- _Problem requirements_
When the line containing "Northern Lights Print" appears in the data below, begin copying there and stop only after the line containing "Shona Joy DRESSES".

- _Records for the exercise_
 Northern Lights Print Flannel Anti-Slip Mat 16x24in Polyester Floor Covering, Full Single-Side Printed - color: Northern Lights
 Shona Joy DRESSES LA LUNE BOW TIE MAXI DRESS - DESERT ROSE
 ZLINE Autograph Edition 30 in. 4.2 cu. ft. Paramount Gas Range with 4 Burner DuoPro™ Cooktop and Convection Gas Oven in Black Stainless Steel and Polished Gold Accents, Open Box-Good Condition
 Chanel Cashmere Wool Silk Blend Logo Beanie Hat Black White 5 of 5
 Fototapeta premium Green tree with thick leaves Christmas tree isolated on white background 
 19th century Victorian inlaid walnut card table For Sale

==

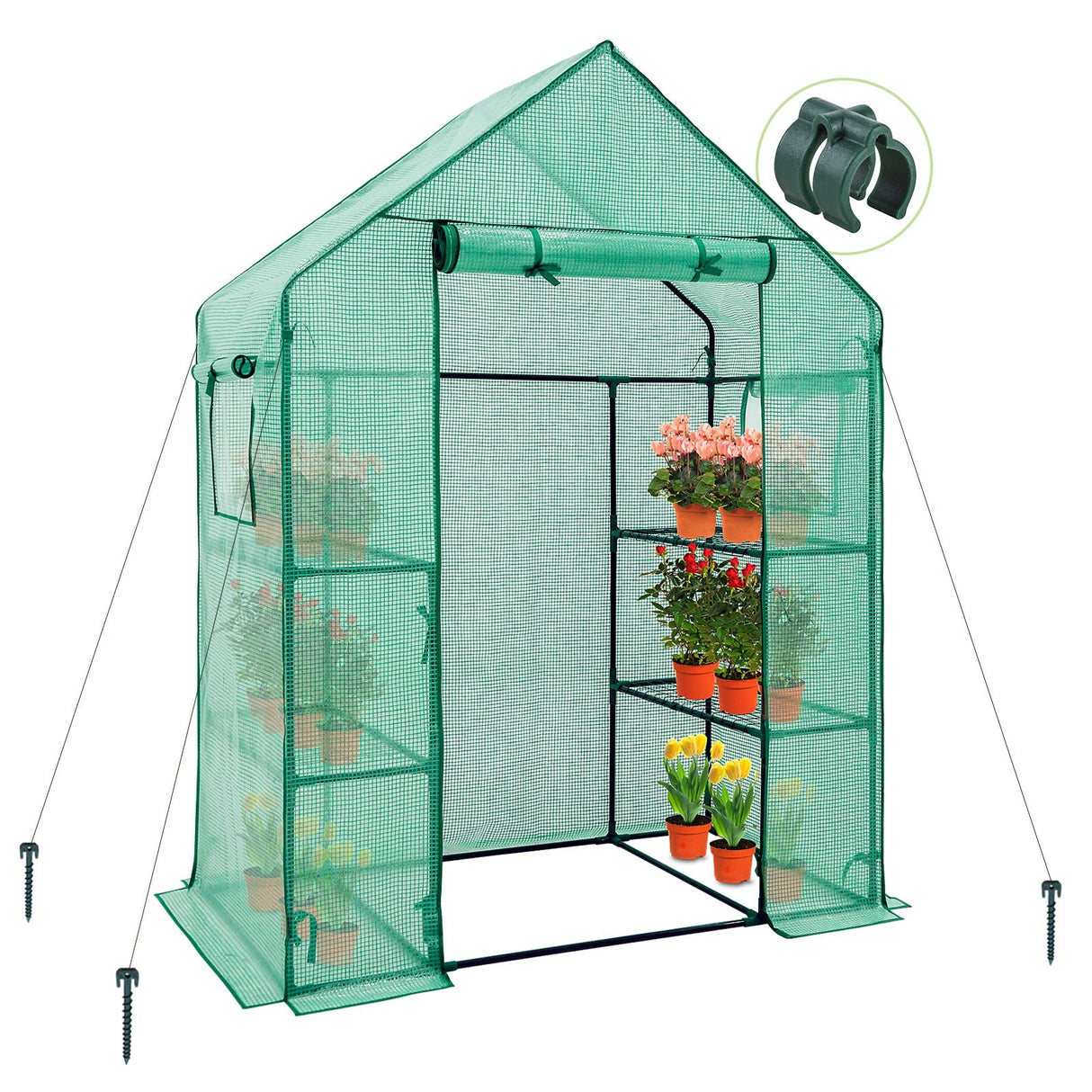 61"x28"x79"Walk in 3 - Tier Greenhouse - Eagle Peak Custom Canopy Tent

- _Output of the exercise_
 Northern Lights Print Flannel Anti-Slip Mat 16x24in Polyester Floor Covering, Full Single-Side Printed - color: Northern Lights
 Shona Joy DRESSES LA LUNE BOW TIE MAXI DRESS - DESERT ROSE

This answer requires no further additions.